Indexed by: Journal paper

Journal: Electrochimica Acta

Included Journals: SCI

Affiliation of Author(s): 华中科技大学电气与电子工程学院

Place of Publication: 荷兰

Discipline: Engineering

First-Level Discipline: Material Science and Engineering

Document Type: J

Volume: 436

Page Number: 141545-141555

Key Words: All-solid-state batteries Chlorine-rich argyrodite LiCoO2 cathode LiNbO3 coating Voltage windows

DOI number: 10.1016/j.electacta.2022.141545

Date of Publication: 2022-12-26

Impact Factor: 7.336

Teaching and Research Group: 电力系

Abstract: The coating layer can effectively mitigate the undesirable side effects that occur at the active material/sulfide electrolyte interface in the cathode mixture. Plenty of research has reported the coating layer effect in the typical voltage window, while the influence at different voltage windows is unclear.

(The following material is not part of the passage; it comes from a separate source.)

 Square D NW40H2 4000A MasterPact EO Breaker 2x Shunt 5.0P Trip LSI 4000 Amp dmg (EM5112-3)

Herein, the degradation mechanism of the bare and LiNbO3-coated LiCoO2 electrodes in all-solid-state batteries when cycled at different cut-off voltages has been systematically investigated. The coated electrodes exhibit superior electrochemical performance than the bare electrodes at different charging/discharging rates when the upper cut-off voltage is 3.6 V, while both electrodes show fast degradation of battery performance at higher cut-off voltages (3.9 and 4.2 V). The electrochemical performances are highly dependent on the interfacial stability between the active material and solid electrolyte in the cathode mixture and the structural instability of LiCoO2 at different voltage windows. The evolution of interfacial resistances is systematically investigated in a combination with in-situ EIS, relaxation time distribution (DRT), TEM, and XPS. Structural changes of bare and coated LiCoO2 before and after cycling at different cut-off voltages are studied by XRD, TEM, and dQ/dV analysis. The clarification of complex interfaces and phase stability evolution of LiCoO2 provides a strong theoretical basis for constructing high-performance all-solid-state batteries.